23.4.12

Uma rua de duas mãos

Por Victor da Rosa
crônica publicada no Diário Catarinense

Durante algum tempo tive um amigo – ainda hoje não sei se posso chamá-lo assim – que morava na rua. Convivemos, esporadicamente, durante mais de dois anos; e depois, do nada, ele sumiu. Seu nome é Pablo, ele deixou a cidade de Santos por algum motivo que nunca ficou muito claro pra mim – em Santos, teve casa, emprego e mulher – e chegou a Florianópolis atraído pelas praias e com perspectivas de ganhar dinheiro trabalhando no verão. Depois de uma série de problemas, no entanto, Pablo acabou na rua. Pelo menos, em resumo, foi esta a história que ele contou pra mim.

Eu não tenho tantos motivos pra duvidar das coisas que Pablo me dizia. Pra começar, diferente da maneira como geralmente acontece, fui eu quem lhe procurei. No bairro de Coqueiros, enquanto esperava um ônibus, pude presenciar Pablo ironizando uma senhora (aparentemente abonada) de maneira muito elegante.
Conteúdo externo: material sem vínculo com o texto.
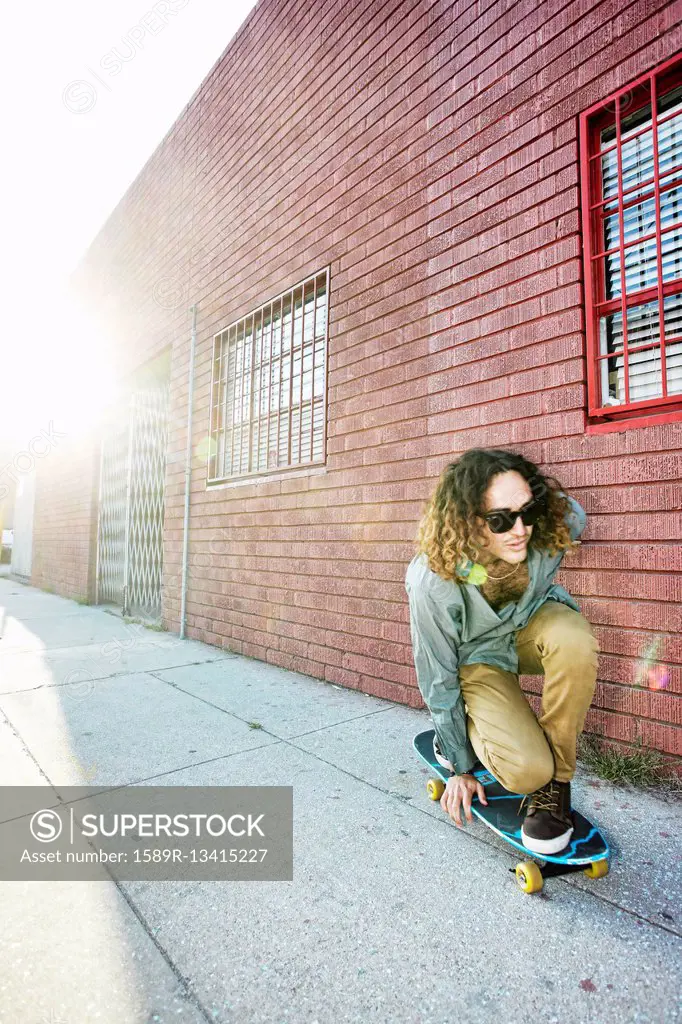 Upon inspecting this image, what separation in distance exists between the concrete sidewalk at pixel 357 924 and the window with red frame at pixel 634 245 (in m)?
1.89

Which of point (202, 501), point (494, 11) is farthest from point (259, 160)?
point (202, 501)

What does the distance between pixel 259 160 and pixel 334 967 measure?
6326mm

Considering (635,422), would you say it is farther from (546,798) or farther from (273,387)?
(273,387)

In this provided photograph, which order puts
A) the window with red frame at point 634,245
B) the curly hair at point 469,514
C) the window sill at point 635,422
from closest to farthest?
1. the curly hair at point 469,514
2. the window sill at point 635,422
3. the window with red frame at point 634,245

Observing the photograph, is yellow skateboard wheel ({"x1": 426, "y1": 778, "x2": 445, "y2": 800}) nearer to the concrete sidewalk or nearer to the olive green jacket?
the concrete sidewalk

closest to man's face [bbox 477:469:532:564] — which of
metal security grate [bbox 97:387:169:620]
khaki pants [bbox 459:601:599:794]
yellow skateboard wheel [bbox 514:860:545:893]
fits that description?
khaki pants [bbox 459:601:599:794]

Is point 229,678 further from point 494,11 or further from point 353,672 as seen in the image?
point 494,11

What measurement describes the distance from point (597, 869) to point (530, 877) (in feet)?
0.77

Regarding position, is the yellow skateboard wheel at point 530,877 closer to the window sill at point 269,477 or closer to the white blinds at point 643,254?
the white blinds at point 643,254

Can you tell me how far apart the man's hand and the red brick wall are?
3.07 feet

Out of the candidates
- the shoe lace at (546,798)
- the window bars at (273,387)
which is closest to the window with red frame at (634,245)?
the shoe lace at (546,798)

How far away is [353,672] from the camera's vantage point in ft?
12.9

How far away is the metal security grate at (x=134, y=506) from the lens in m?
7.56

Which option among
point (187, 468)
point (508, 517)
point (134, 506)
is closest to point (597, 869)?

Após ganhar poucos centavos, Pablo disse a ela – com a expressão firme, mas tranqüila, e um acentuado sotaque paulistano – que só aceitaria a esmola se realmente não fizesse falta.

Era como se, através da ironia, Pablo ainda quisesse se colocar na situação como alguém superior. Talvez fosse uma forma de resistência; um truque pra recuperar alguma dignidade. Passei a vê-lo como alguém que entra em um jogo sabendo que está perdido, mas ainda tem segurança suficiente pra rir de si próprio. Fui falar com ele em seguida. No fim da conversa, expliquei onde eu morava, ofereci algum dinheiro – disse que não faria falta – e deixei o número do meu celular. Percebi que Pablo, além de inteligente, tinha uma caligrafia bonita.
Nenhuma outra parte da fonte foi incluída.